Впрочем, идеалистом можно назвать не одного только Уолтца. «Ностальгирующим идеалистом» тот же Гриффитс называет и Моргентау. Моргентау основывает свою теорию на понятии «политического человека», выступающего в роли максимизатора силы, которая в расширительном смысле характерна и для государств. На основании этой предпосылки возникновение и существование баланса сил понять довольно трудно. Моргентау, осознавая это, признает, что государства в классическую эпоху баланса сил (а именно в XVIII и XIX вв.) демонстрировали высокий уровень самоограничения, а также утверждает, что силовой баланс можно считать международным институтом или соглашением.

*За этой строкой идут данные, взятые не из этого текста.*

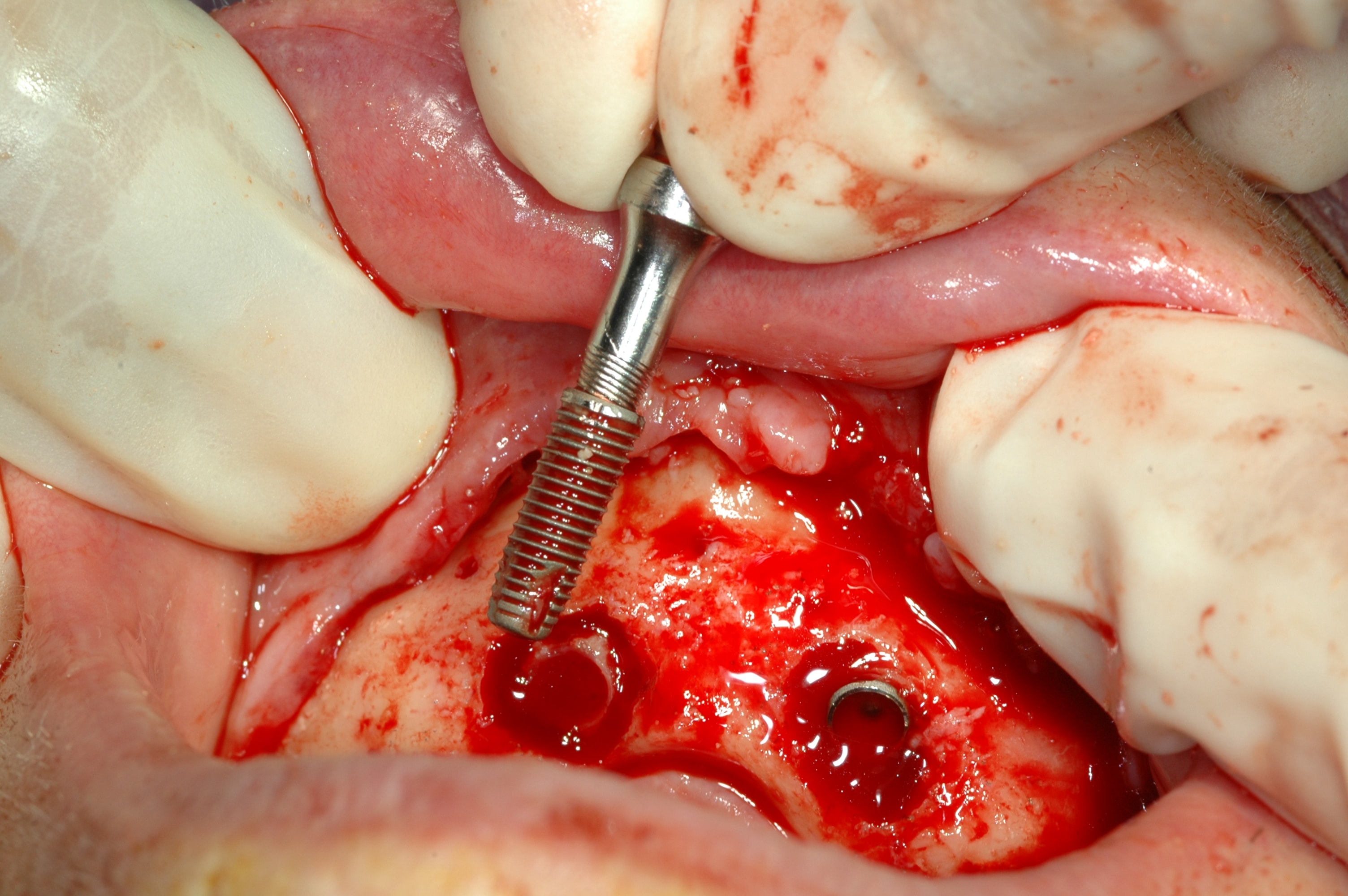 Failed implant removal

Это поднимает вопрос о фундаментальной предпосылке, относящейся к специфической природе «политического человека», отличающей его от «настоящего человека». Именно по этой причине Гриффитс и характеризует Моргентау как «ностальгирующего идеалиста»: «...Идеалистическим в предположении Моргентау является то, что политический человек может быть абстрагирован от человека настоящего, чтобы обеспечить реалистичный взгляд на международную политику, материализующую часть человеческой природы... в действительности предложенный Моргентау монизм силы и его одномерное понимание международных отношений составляют основу для материализации им политического человека, идеалистического искажения человека настоящего» [Griffiths 1992: 66-67]. Эта метафизическая теория «политического человека», движимого желанием обладания властью, резко вклинивается между национальным и международным уровнями. Подобная ситуация разительно контрастирует с предложенным Моргентау прескриптивным анализом, подчеркивающим особую значимость умеренности, дипломатии и переходных норм и ценностей в качестве основания для баланса сил. Таким образом, универсалистская теория Моргентау находится в определенном противоречии с его же политическими рекомендациями, выводимыми не из данной теории, а из исторического опыта золотой эры политики силового баланса (XVIII и XIX вв.). Некоторые современные исследователи бросают вызов подобной позиции: «...Примеры применения теории баланса для истории XVIII в. являются скорее исключением, чем нормой» [Sofka 2001:148].Соответственно теоретический статус баланса сил является весьма спорным. На самом деле можно задаться вопросом о том, а не лучше ли рассматривать понятие силы как метафору и как часть устаревшей или, может быть, даже совершенно изжившей себя механистической концепции мира, включенную в научную парадигму и исследовательскую программу реализма. То, что часто рекламируется как исторически обоснованная теория, таким образом, сужается до неисторической и механистической перспективы.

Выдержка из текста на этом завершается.